Why is Windows so slow?
I’m a fan of Windows, specifically Windows 7. For the most part I like it better than OSX. I have 4 Macs, 3 Windows machines and 3 Linux machines that I access regularly.
But…I work on a relatively large project. Windows is literally an ORDER OF MAGNITUDE slower to checkout, to update and to compile and build than Linux. What gives? I don’t know this is the fault of Windows. As far as I know some of it is the fault of the software I’m using not using Windows in the correct way to get the maximum speed.
You can reproduce this yourself though. Download the code.

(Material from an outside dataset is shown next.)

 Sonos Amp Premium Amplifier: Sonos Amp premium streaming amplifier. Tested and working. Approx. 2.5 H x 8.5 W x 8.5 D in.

The simplest test is this: On Windows open a cmd, cd to the src folder and type
dir /s > c:\list.txt
Do it twice and time how long it takes. The reason to time only the second run is to give the OS a chance to cache data in ram
Now do the same thing in linux. Check out the code. CD to src and do
ls -R > ~/list.txt
In my tests, on 2 exact same machines (both are HP Z600 workstations with 12gig of ram and eight 3ghz cores) on Windows it takes 40seconds. On Linux is takes 0.5 seconds. Note I used git to checkout the files on both machines so there are more than 350k files in those folders.
Why is Windows in this case 80x slower than Linux? Is there some registry setting I can use to make it faster?

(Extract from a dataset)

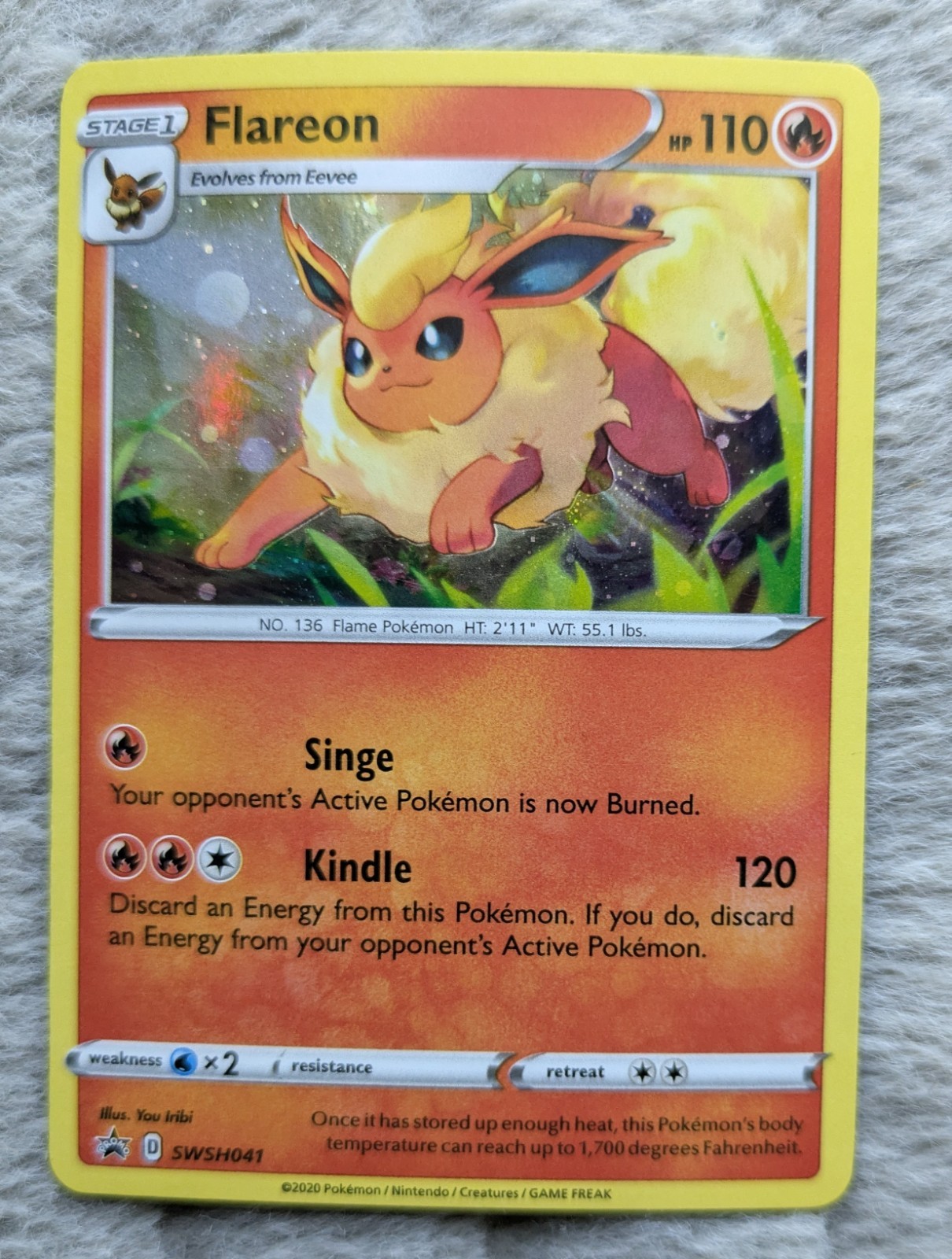 Flareon - SWSH041 - Black Star Holo Rare Promo TCG - Pokemon Card - NM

Similarly compile the code. Using Visual Studio 2008 follow the instructions here. Select the chrome project and build it. Edit one file, say src/gpu/command_buffer/client/gles2_implementation.cc. Just change a comment or something then build again. Try the same on Linux. For me, these incremental builds, on Windows it takes about 3 minutes, most of that time is spent in the linker. On Linux it takes 20 seconds. That’s 9x faster. I can install the new ‘gold’ linker and take it down even more. 7 seconds or 25x faster.

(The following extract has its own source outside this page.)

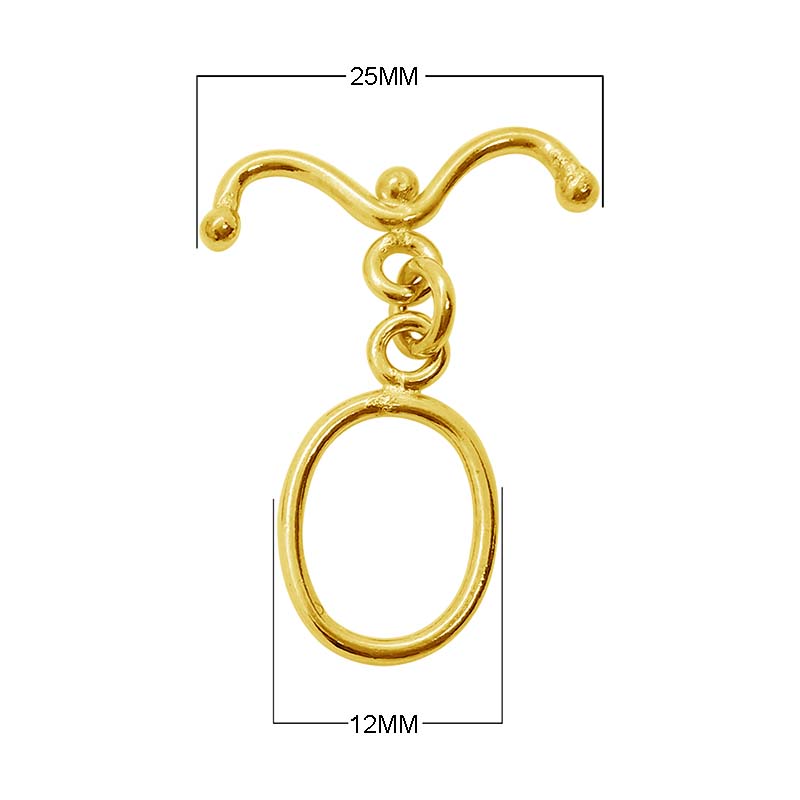 18K Gold Overlay Curved Bar Toggle Clasp with oval ring and polished finish, handcrafted in India for wholesale jewelry making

Come on Microsoft, step up your game! Personally I’d much rather program on Windows than Linux (yea, I know, sacrilege to some). Visual Studio’s debugger is far more productive than gdb or cgdb (maybe there is something better on Linux I don’t know). Plus, our users are mostly on Windows so I’d rather be on Windows so I get the same experience. GPU drivers are much better on Windows as well plus there are other apps I use (Photoshop, Maya, 3DSMax) that don’t exist on Linux.
But, I can’t stay on Windows with Linux being so much faster to build. It’s the difference between being totally productive and taking a coffee break every time I change a line and compile.
That’s not all of it either. git is EXTREMELY FAST on linux where as on Windows not so much. It’s probably no slower than svn on Windows as far as I can tell (I haven’t timed it) but one of the many reasons people switch to git is because it’s so fast on linux. Again it’s in the 10x to 100x difference between Windows and Linux.
All I can think of is 99% of developers that use Microsoft’s tools are writing Windows only code. As such they have no way to compare times and so Microsoft has no incentive to make it better. Except of course they do. If they themselves are using the same tools then their own developers are losing valuable time waiting for these tools to do their jobs.
Here’s hoping Microsoft will step it up.
PS: Of the 3 OSes, OSX is a mixed bag. git on OSX is slower than linux, faster than Windows. Building on OSX though is SSSLLLOOOWWW. Nearly 3 times slower than Windows using XCode.
PPS: Chromium has the option to build as a set of shared libraries instead of one large executable. This helps the link times in Windows significantly but it also helps link times in Linux. The relative speeds are till the same.